But at least you're starting. Part of my creative life is really structured (the writing job). There are defined tasks and requirements, deadlines and peer reviews. This, as it turns out, is a big boon. My productivity has gained in leaps and bounds, and my tendency to surround ideas in wreaths of ungainly decoration has been tempered, somewhat. Conversely, in my music life, while I keep a weekly schedule and often have tasks to complete, there are few guidelines for what, exactly, I need to be creating.

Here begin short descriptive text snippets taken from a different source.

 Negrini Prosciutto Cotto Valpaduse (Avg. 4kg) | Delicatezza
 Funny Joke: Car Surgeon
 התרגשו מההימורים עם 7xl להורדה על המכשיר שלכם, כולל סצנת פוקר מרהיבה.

My best music happens when I don't think- when caution is thrown to the wind and the whirlwind starts and I feel like I wake up at the end with a song. When one of those songs is good, it can feel like some kind of benevolent spirit showed up in the studio and threw some real art onto my flash drive. Of course, when there's little control exercised on process (and that's the point), the chaff to wheat ratio can be higher, especially when outside influences (lack of sleep, long hours at work, stress) kick in.

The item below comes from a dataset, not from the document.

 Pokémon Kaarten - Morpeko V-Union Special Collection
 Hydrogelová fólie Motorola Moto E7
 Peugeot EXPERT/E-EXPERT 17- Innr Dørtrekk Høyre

For a long while, I was very protective of my creative outputs. Each one, from an album down to a sketch, felt sacrosanct. When time or focus wasn't available to finish one, or ten, or a hundred unpolished ideas, I began to feel like a deadbeat dad. How DARE I loose these new things on the world without so much as the courtesy to give them all of their limbs, and never call, on top of that? The weight of work left behind began to really get oppressive.

Reading Bird By Bird, just that page or two, has given me a new outlook on that chaff. I still love many of these little failed jalopies, but I no longer linger with them or allow their bulk to get in the way of more throughput. They were tools, and some of them are a fun listen now and then, but diamonds they aren't.

So, we must persevere, onward and upward, hand in hand with the fittest ideas- and a tip of the hat to the brave but lesser ones that were selected out of the pool. Regular creative throughput tips the scales in your advantage, keeps the bearings smooth, and quells fear, letting you, once again, surprise yourself. Breathe.